Task details: Pictures must not appear in the copy. Restate exactly the lines below from the one with "Ďalšie plynofikované Karosy" through the one with "SUN-KEN ROCK Nº09", inclusive.

Study material:
--------------------
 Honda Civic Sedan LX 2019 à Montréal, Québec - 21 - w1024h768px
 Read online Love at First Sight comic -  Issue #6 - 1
--------------------
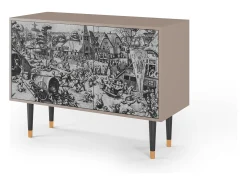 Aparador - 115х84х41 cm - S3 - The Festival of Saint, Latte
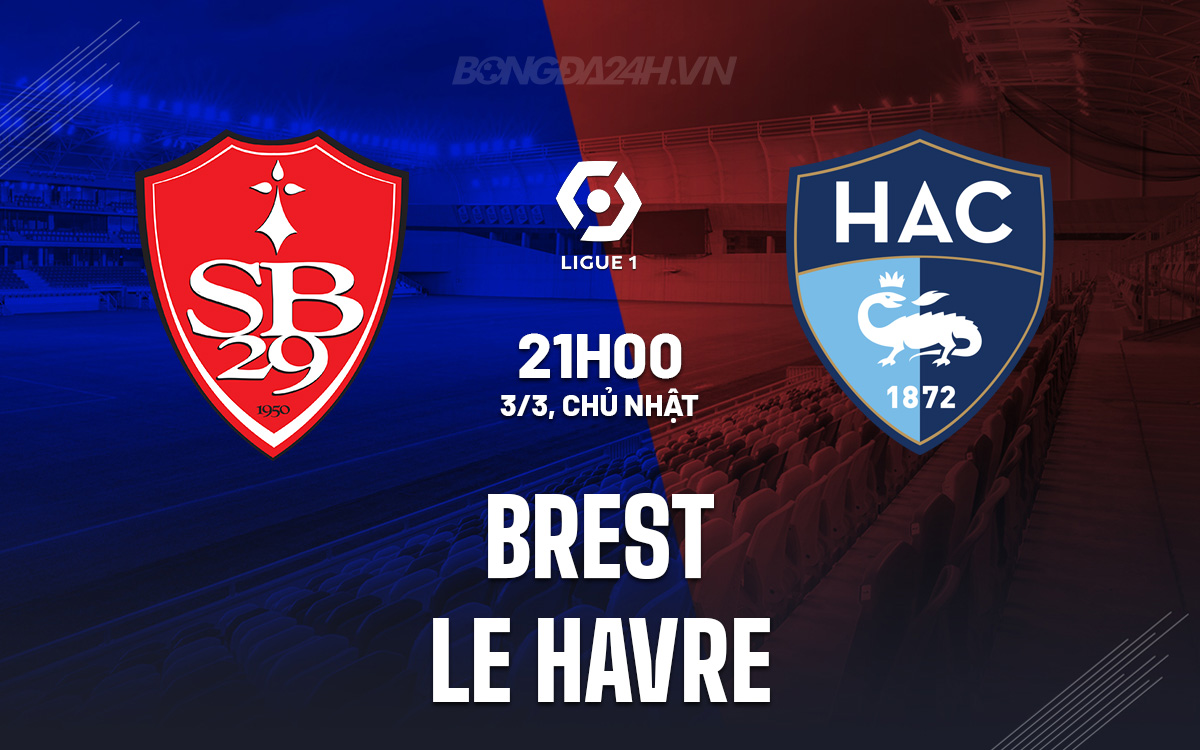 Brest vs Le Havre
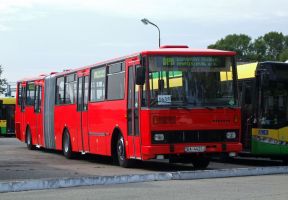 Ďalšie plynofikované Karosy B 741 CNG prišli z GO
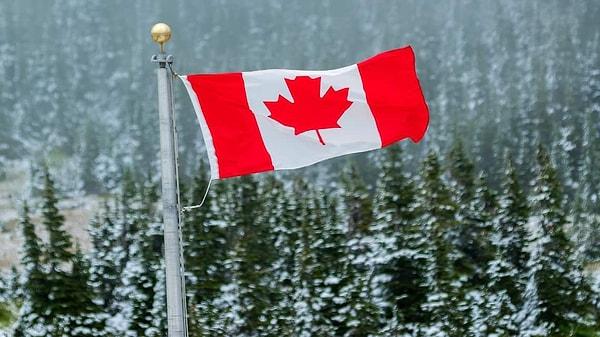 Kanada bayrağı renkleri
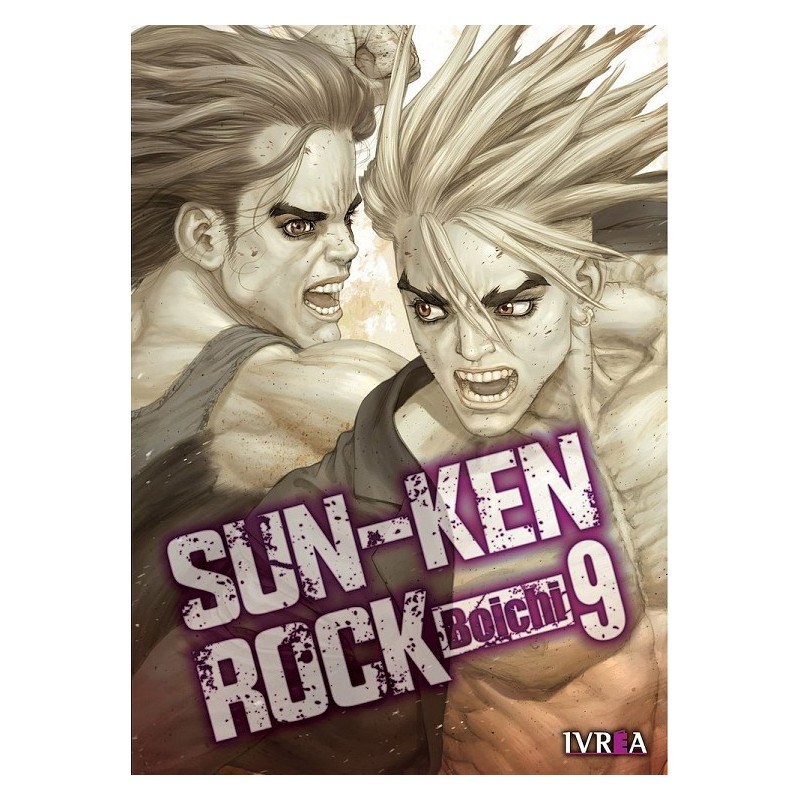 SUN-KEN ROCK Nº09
--------------------
Final answer:
 Ďalšie plynofikované Karosy B 741 CNG prišli z GO
 Kanada bayrağı renkleri
 SUN-KEN ROCK Nº09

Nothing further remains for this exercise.